More stories from Catherine Hewawissa


Catherine Hewawissa

The entrance to the cafetorium is decorated with signs meant to remind students that it is meant to be a quiet space.

At the start of second semester, administration announced students would be encouraged to use the cafetorium as a quiet workspace, no longer having access to the new C-Wing and West Events entrance during school hours, a change met with mixed, student response.

During first semester, senior Aaric Hager used the C-Wing as a space to sit during free time and currently uses the cafetorium as a space to hang out and eat lunch with his friends. He expressed his confusion, citing the inefficient nature of the change.

“I don’t understand why we did that… I don’t get it, it doesn’t make sense. Kids are going to go where they want anyways and the quiet area is not a quiet area, so it’s just pointless.
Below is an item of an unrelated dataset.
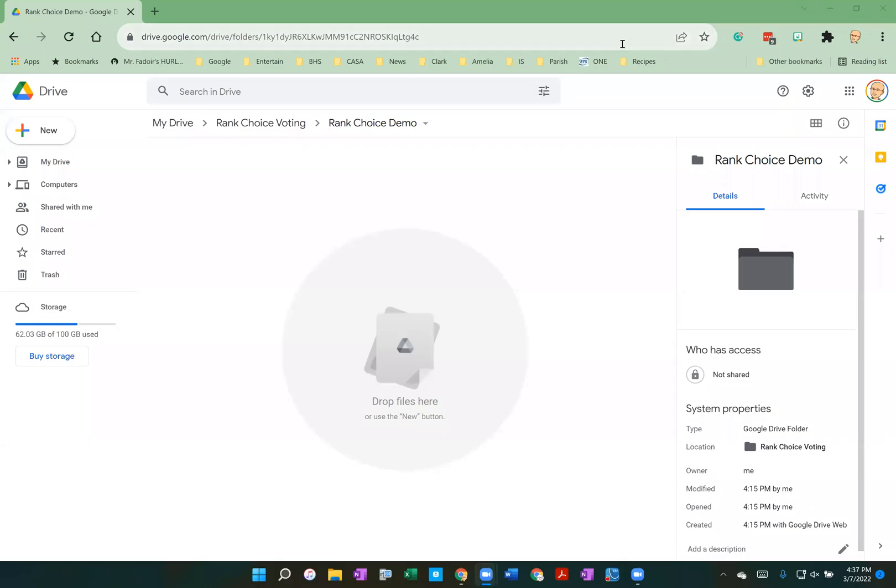The object of this video is to show how a combination of Google Forms and Google Sheets can be used to do ranked choice voting. There are three or four advanced spreadsheet formulas necessary to accomplish this, but I'll go through everything you need to know to create a ranked choice ballot and a spreadsheet that finds the winner of a ranked choice vote.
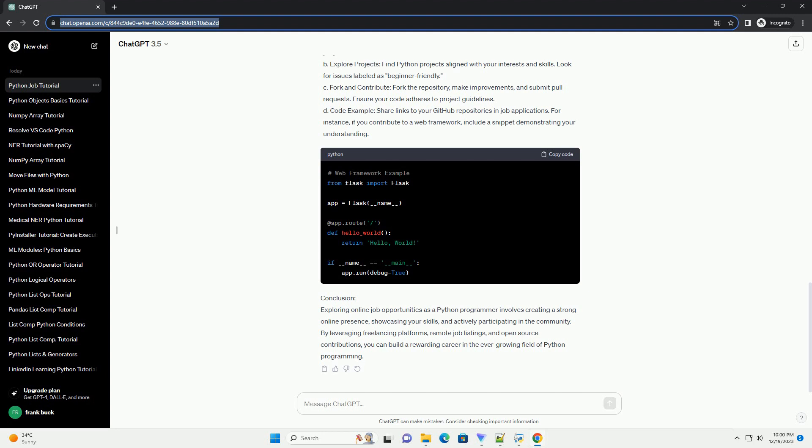D. Code example. In your application or during assessments, include a well-commented code snippet showcasing your Python coding style. For instance, if the job involves data analysis, provide a sample using Pandas.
It shouldn’t be, I don’t get it, it’s lunch; it’s our seating and they’re taking it,” Hager said.

“The feedback we had from students, parents and staff was that there was too much autonomy, and not enough making sure that we are making sure students are in class when they are supposed to be in class. So we needed to kind of say ‘ok there’s three choices instead of five.’ We didn’t want to make that change without being able to offer a different space,” Principal Arwen Lyp explained.

According to Lyp, some students welcome the change, however.

“I actually have received positive feedback from students– which I will be honest– I was not expecting. It’s mostly from freshmen who felt like ‘oh that’s good, I have somewhere I can go if the commons gets overwhelming,'” Lyp said.

Sophomore Becca Snouffer, a Principal-Student Advisory Counsel (PSAC) member said the group discussed the change in reaction to a survey response saying students want more quiet space.

“I think looking for quiet places for people to work is really important and hopefully we can find a solution that works for everyone without taking anyone’s space but also without disrupting other classes,” Snouffer said.

Lyp went on to explain that the lack of noticeable change in the cafetorium atmosphere may stem from misconceptions about the space’s purpose and the goal of the “quiet space” initiative.

“We have zero expectations that it’s going to be silent– we know students are going in there getting their lunch chatting back and forth. We’re not saying silent, we’re saying a quieter calmer choice than in the commons. It’s a work in progress, but for kids who feel [overwhelmed by the commons,] the cafetorium is a less busy option,” Lyp said.

The changes made to student autonomy spaces for second semester are not permanent and are anticipated to change as the school year goes on.